It is thus this text that stands at the head of an important theological notion that culminates in the coming of Jesus of Nazareth. Since God promises that David's reign is "forever," and since Jesus is heralded as "son of David" in numerous places in the story of the gospel, it follows that Jesus is heir to David's eternal throne and thus will "reign forever and ever," as G. F. Handel has firmly fixed in our ears. I admit that this all sounds like the most shameless propaganda, both for David and for Jesus. YHWH promises an eternity of rule for David and his offspring, and, according to the readers of the New Testament, David's chief offspring is Jesus. Case closed; Jesus is heir to David's eternal rule as ordained and promised by God.

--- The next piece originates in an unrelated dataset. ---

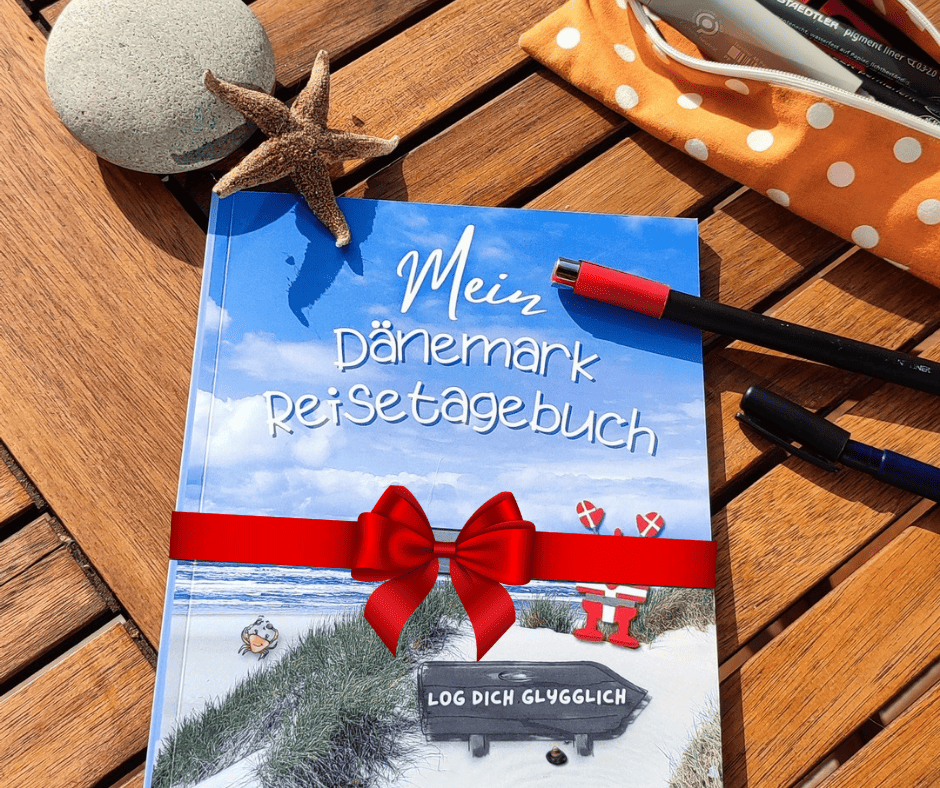 Mein Dänemark Reisetageuch als Geschenk mit rotem Schleifchen auf einem Gartentisch in der Sonne.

Yet, I am troubled by the placement of this story of the covenant of God with David. Just four chapters later, this same David will break fully four of the Ten Commandments: killing, false witness, adultery, and theft of a wife. What can God's covenant with such a one mean after that hideous story? In the light of that monstrous series of actions, 2 Samuel 7 appears to be little more than a pallid attempt to clean old David up, to vitiate his cruel and dark reality with the most obvious sort of newspeak, created to divert our eyes from the horrors soon to come. Is this chapter merely a Deuteronomic dodge, a piece of public relations, spinning the tale of the second king of Israel who is fast becoming in the minds of many the veritable paragon of leadership, given directly by the hand of God? Something like that is quite often said to summarize this odd chapter in the long story of David.

I am not entirely convinced that some Davidic supporter has slipped such a blatant bit of propaganda past the editors of this marvelous and rich narrative of the vastly complex and mysterious King David. Might a closer reading yield something more? Listen again to 2 Samuel 7:25-26: David says, "And now YHWH God, as for the word that you have spoken concerning your servant and concerning his house (i.e., that word that has promised David eternal rule and an eternal house), confirm it forever; do as you have promised. Thus your name will be magnified forever in the saying, ';YHWH of the armies is God over Israel, and the house of your servant David will be established before you.'" Though the NRSV ends the "saying," the proverb that David creates, after "God over Israel," I would suggest that David in fact continues the proverb to include the fact and certainty of his own eternal house. And because YHWH has made this promise to David — "I will build you a house" — David claims that he has "found the courage" to utter this prayer, a prayer asking YHWH to reiterate the promise of David's eternal rule and house.